*Your assignment:* For the entries below, copy exactly the line that contains "cheetacoffeetable" through the line that contains "Gel Relajante Muscular Forte 1 Sb", both ends included, and exclude all pictures.

*Raw data:*
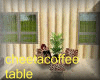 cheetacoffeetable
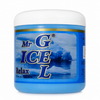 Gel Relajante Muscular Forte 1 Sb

* * *

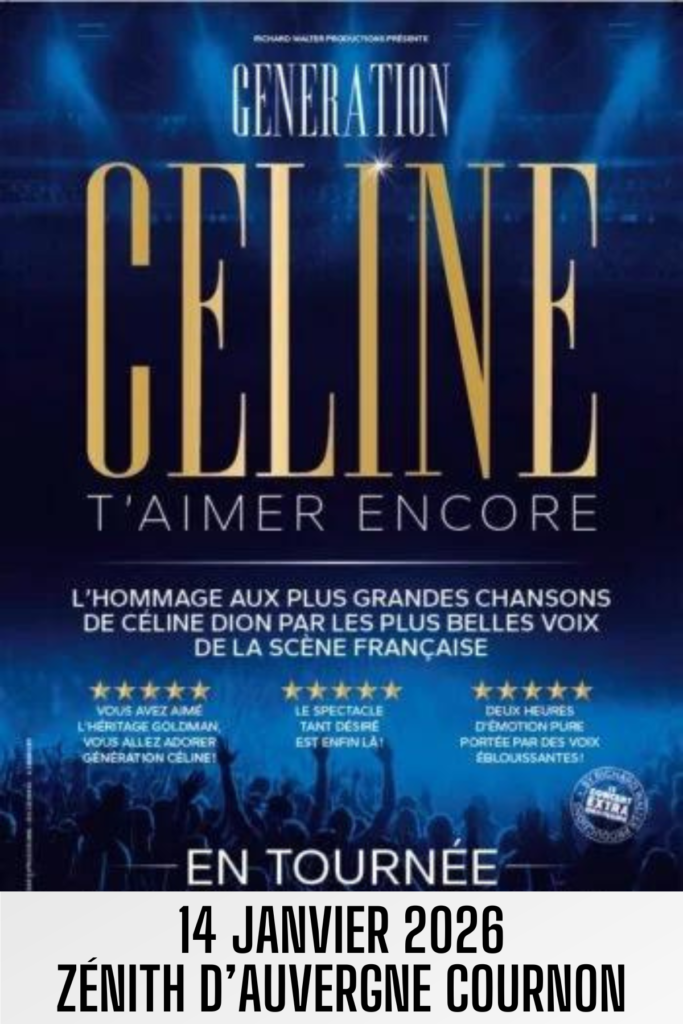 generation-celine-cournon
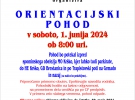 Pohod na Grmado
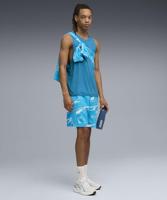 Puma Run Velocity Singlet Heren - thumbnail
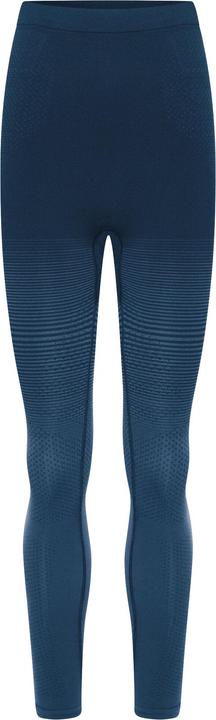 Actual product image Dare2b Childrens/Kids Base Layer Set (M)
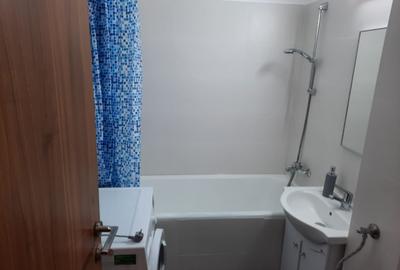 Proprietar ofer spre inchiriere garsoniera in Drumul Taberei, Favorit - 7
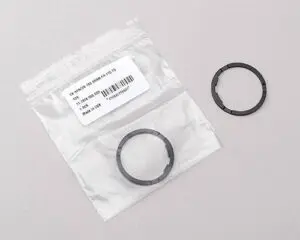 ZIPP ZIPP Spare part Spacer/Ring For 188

*Result of this exercise:*
 cheetacoffeetable
 Gel Relajante Muscular Forte 1 Sb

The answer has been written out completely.